**** DATA SUPPLIED ****
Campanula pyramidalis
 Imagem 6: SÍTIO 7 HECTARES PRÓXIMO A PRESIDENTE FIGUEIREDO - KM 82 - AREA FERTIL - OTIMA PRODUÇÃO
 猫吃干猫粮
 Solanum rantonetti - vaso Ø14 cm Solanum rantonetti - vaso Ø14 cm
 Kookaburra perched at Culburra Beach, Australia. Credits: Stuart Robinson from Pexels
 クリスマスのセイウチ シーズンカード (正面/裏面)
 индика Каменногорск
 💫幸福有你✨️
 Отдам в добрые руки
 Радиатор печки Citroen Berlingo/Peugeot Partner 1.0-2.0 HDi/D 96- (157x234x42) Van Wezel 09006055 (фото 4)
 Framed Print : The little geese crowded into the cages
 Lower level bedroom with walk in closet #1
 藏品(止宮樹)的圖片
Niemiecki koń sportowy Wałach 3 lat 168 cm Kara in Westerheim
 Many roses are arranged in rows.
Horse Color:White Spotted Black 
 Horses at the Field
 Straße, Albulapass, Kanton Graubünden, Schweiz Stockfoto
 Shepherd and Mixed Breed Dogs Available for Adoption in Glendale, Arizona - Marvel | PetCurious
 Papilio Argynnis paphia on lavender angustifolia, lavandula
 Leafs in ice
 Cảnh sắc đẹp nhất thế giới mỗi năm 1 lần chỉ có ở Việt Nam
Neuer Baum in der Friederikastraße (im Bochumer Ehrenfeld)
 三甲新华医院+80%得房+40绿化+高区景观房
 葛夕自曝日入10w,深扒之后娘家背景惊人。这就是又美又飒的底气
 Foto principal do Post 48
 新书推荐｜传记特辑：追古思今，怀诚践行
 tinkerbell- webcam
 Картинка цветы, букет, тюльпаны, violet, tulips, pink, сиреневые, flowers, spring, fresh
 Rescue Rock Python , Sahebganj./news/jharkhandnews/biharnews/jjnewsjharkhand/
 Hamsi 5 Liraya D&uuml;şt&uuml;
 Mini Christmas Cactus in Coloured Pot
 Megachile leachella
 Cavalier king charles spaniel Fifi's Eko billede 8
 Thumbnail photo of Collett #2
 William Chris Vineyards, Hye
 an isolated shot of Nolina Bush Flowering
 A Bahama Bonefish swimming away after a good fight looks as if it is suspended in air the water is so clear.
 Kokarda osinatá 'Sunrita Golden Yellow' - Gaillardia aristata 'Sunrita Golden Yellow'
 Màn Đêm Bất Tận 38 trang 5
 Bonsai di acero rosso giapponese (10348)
****
▶ TASK PROMPT
Would you copy, unchanged, the stretch of the records above that begins at the line containing "Horses at the Field" and ends at the line containing "三甲新华医院+80%得房+40绿化+高区景观房", and only that?

▶ EXERCISE OUTPUT
 Horses at the Field
 Straße, Albulapass, Kanton Graubünden, Schweiz Stockfoto
 Shepherd and Mixed Breed Dogs Available for Adoption in Glendale, Arizona - Marvel | PetCurious
 Papilio Argynnis paphia on lavender angustifolia, lavandula
 Leafs in ice
 Cảnh sắc đẹp nhất thế giới mỗi năm 1 lần chỉ có ở Việt Nam
Neuer Baum in der Friederikastraße (im Bochumer Ehrenfeld)
 三甲新华医院+80%得房+40绿化+高区景观房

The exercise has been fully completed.